_Work request_
From the line containing "いつもなかよし エマ＆ルカ（個別スタンプ：26）" through the final line of the records, reproduce every line exactly.
═════ Material shown
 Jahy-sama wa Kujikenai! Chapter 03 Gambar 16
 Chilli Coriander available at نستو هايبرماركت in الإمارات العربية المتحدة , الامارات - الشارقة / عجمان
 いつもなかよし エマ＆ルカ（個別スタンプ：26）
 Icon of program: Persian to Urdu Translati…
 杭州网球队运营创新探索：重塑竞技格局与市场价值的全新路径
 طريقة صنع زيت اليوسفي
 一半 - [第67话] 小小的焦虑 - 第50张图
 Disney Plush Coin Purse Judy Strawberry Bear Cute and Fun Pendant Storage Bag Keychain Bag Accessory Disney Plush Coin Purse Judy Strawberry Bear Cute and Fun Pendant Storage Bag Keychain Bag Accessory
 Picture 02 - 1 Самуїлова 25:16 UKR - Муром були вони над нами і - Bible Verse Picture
══════════
_Output for this task_
 いつもなかよし エマ＆ルカ（個別スタンプ：26）
 Icon of program: Persian to Urdu Translati…
 杭州网球队运营创新探索：重塑竞技格局与市场价值的全新路径
 طريقة صنع زيت اليوسفي
 一半 - [第67话] 小小的焦虑 - 第50张图
 Disney Plush Coin Purse Judy Strawberry Bear Cute and Fun Pendant Storage Bag Keychain Bag Accessory Disney Plush Coin Purse Judy Strawberry Bear Cute and Fun Pendant Storage Bag Keychain Bag Accessory
 Picture 02 - 1 Самуїлова 25:16 UKR - Муром були вони над нами і - Bible Verse Picture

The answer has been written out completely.